By Sedef Onder
Some of my friends would be surprised to learn that I harbor a special affection for No Limit Texas Hold ‘Em poker. Truth is, I find a lot of parallels between the game and my life as a businesswoman.
The game, like any form of gambling, is inherently based on risk. In the case of no limit poker, you have to know when to take strategically-considered risks. Whether it be based on the strength of your hand; the personality, previous play and behavior, and motivations of your opponents; or maybe your position relative to the dealer button. Or sometimes simply based on a gut instinct. In short, it demands insight on your competitive landscape and market conditions.
It didn’t hurt that my first-ever time playing a cash game, I walked away $500 the richer. Or that in my first-ever time playing a tournament, which I learned requires a different style of play entirely, I placed 10th for winnings of about $1000. But ultimately, it’s not about the money; it’s the adrenaline you get from exerting control over something many misperceive as being determined by luck. Or the rush from having read an opponent well enough to call their bluff even though you know there are several hands that have you beat, and doubling your chip stack through that intuition. Or having the good sense to fold a top hand like pocket aces when you know your opponent has you beat, even though you started out on top at the beginning of the hand.
Ultimately, there’s a lot of discipline required. Financial discipline to effectively manage, grow, and sustain your chip stack…and importantly, get up from the table after those times you exhaust your pre-determined budget. Emotional discipline so you don’t go on tilt, despite losing hands when you’re playing a “best practices” type of game (“on tilt” refers to players who allow a lost pot or two to affect their ability to play solid poker, remain mentally sharp and focused in the game). And especially discipline in the form of patience required so you wait for the right hand, the right circumstances, the right table position, and the right play by your opponents before deciding whether and how to play your hand.

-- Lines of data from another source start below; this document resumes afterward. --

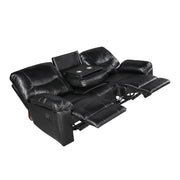9037BLK-3 Double Reclining Sofa with Drop-Down Cup Holders - 9037BLK-3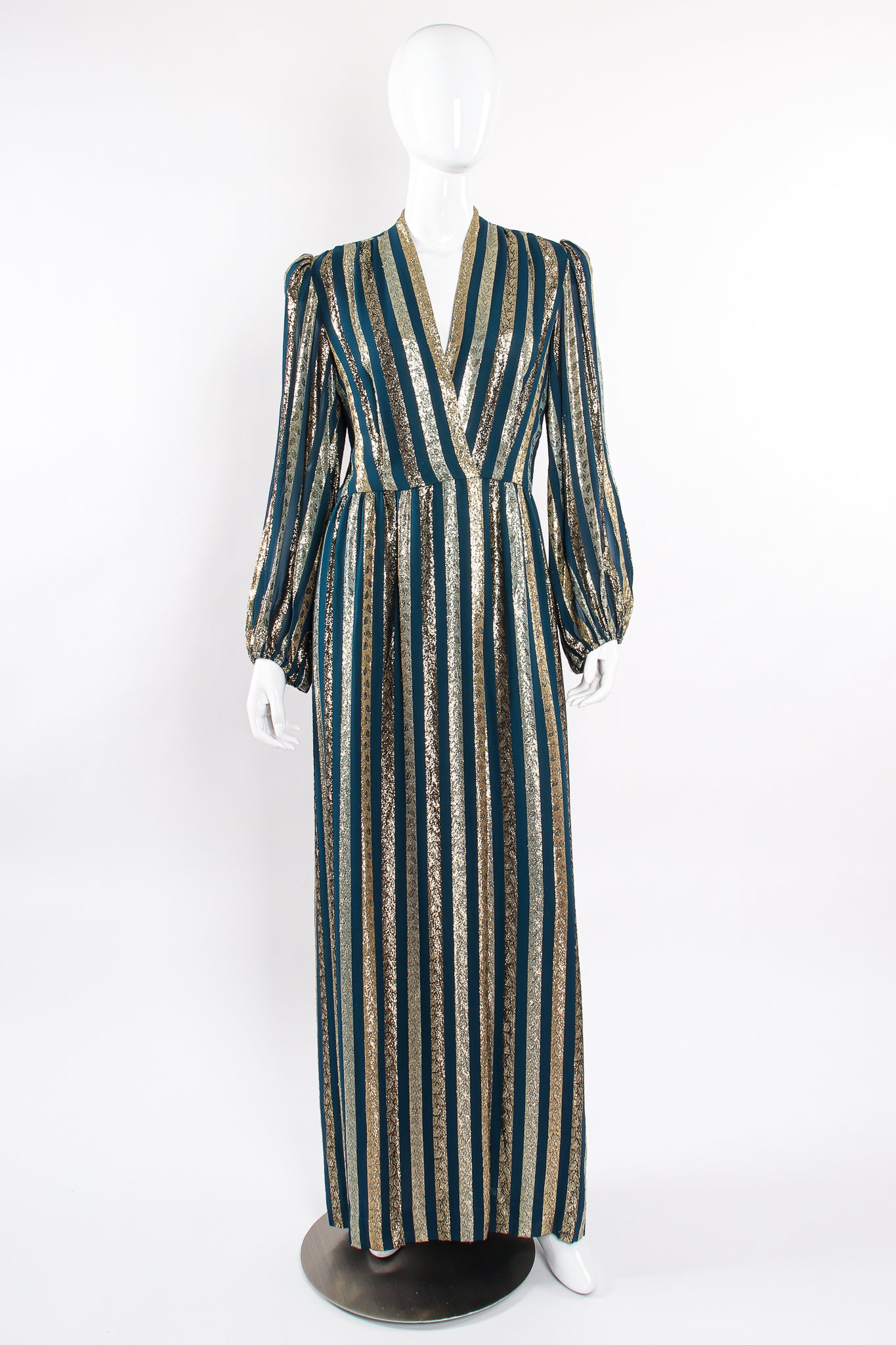 Vintage Victor Costa Metallic Ribbon Stripe Silk Gown on Mannequin front at Recess Los Angeles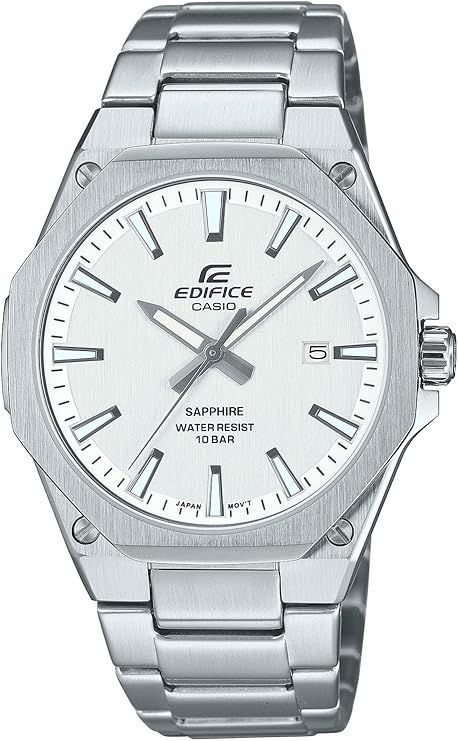 Casio Edifice EFR-S108 Series Model EFR-S108DJ-7AJF Silver Watch with Sapphire Glass and 100m Water Resistance — Japan Import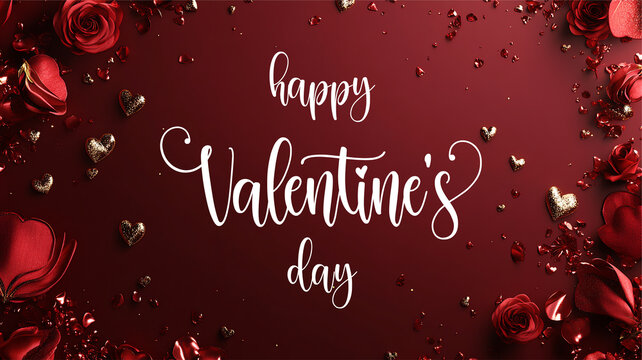 Horizontal Valentine's day banner with elegant text Happy Valentine's Day. Web banner 16:9 background, romantic luxurious with lettering calligraphy greeting text Deep red burgundy Valentine day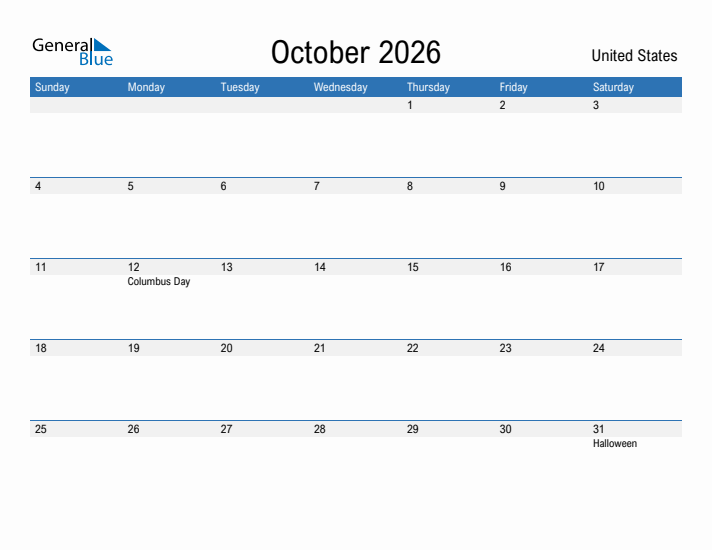 October 2026 Monthly Calendar With United States Holidays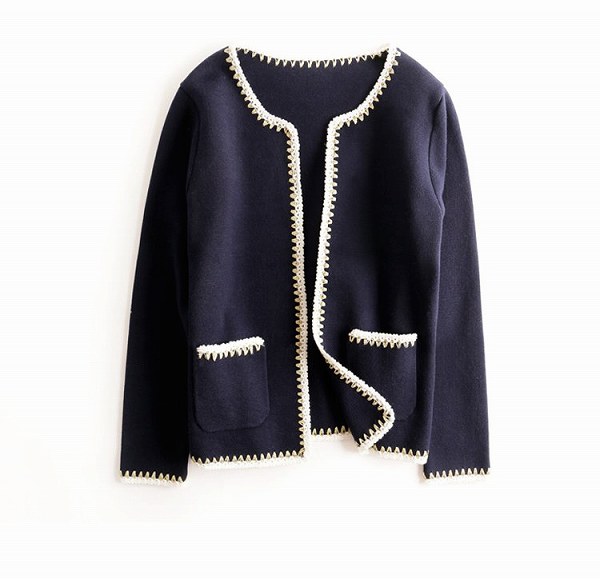 大安売りノーカラーカーディガン　ゴージャス　上品　長袖　ネイビー　パイピング　ほっそり効果大 20代30代40代50代　ミセス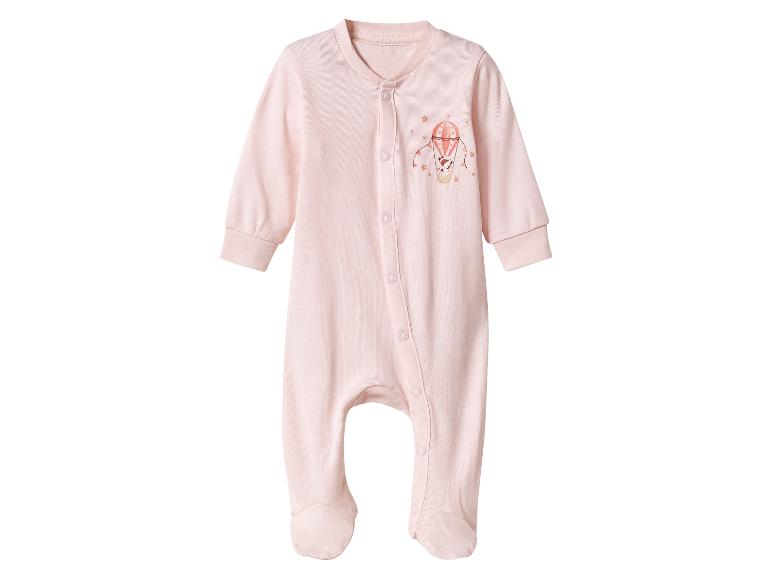 Grenouillère rose clair pour bébé avec imprimé montgolfière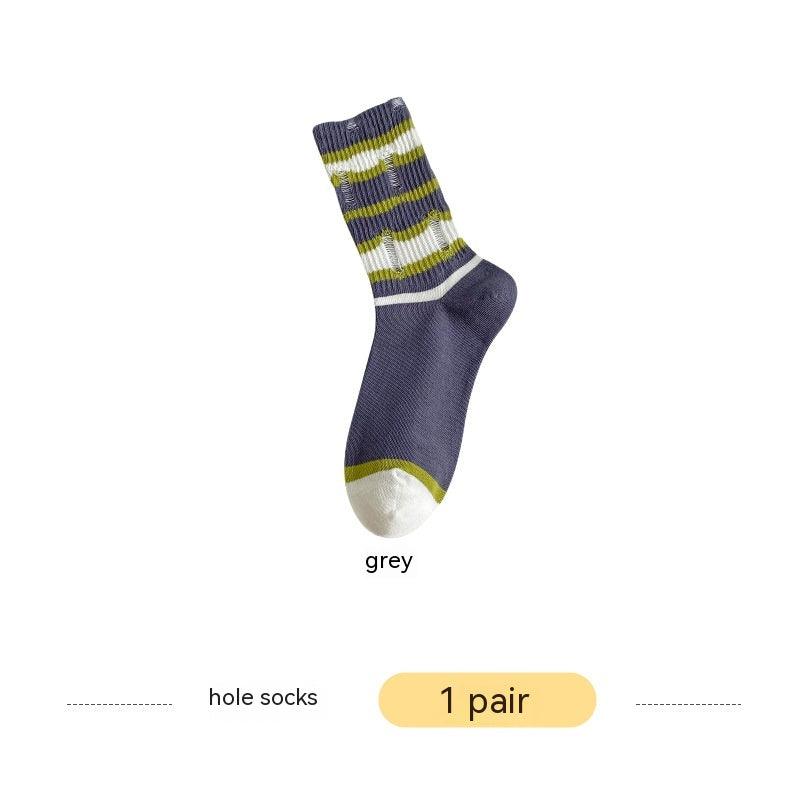 Ripped Beggar Socks Women Striped Bunching Socks - Amazitshop
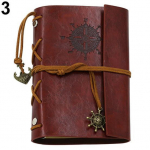 Retro kunstnahast kaanega M&auml;rkmik Journal Traveler Book Diary T&uuml;hi string tumepruun v&auml;rv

Analytical skills are essential, including game theory and basic math. What’s the probability of your hand being the strongest, based on the open cards on the table and how others are playing their hands? What size bet do you need to make relative to the pot to push opponents out of the hand, even though they may have a stronger hand? What are they signaling about the strength of their hand when they place their bets? What are your “outs” based on your hand and the open cards, or how many different cards can potentially give you the winning hand… and what are the odds that they will be dealt?
It’s as strategic a game as chess. With the same ongoing need for mentally processing information based on recent history and patterns, current situations, potential choices, predictive behavior, and outcomes. Not unlike the world of business.
No limit poker is a psychological dance, with subtle negotiations, posturing and concessions occurring over hours of play. Players these days are as likely to be college students, mothers, retired seniors on fixed incomes, and business professionals of both sexes, as they are to be die-hard Vegas cowboys or the average Joe Sixpack whose been playing a regular home game for decades.
But for me, and I suspect most habitual players, it’s more for the fun and sheer pleasure of play than for the brain exercise. I was a skeptic who had the good fortune to be introduced to the game by a friend who consistently reminds me that the best poker players have killer instincts. “No mercy” she says under her breath as we enter a room full of players. Even so, I often find it hard to take the very last dollar of any opponent, though I’m keenly competitive. I’m just there for the sport.
So, as they say, may your cards be live and your pots be monsters.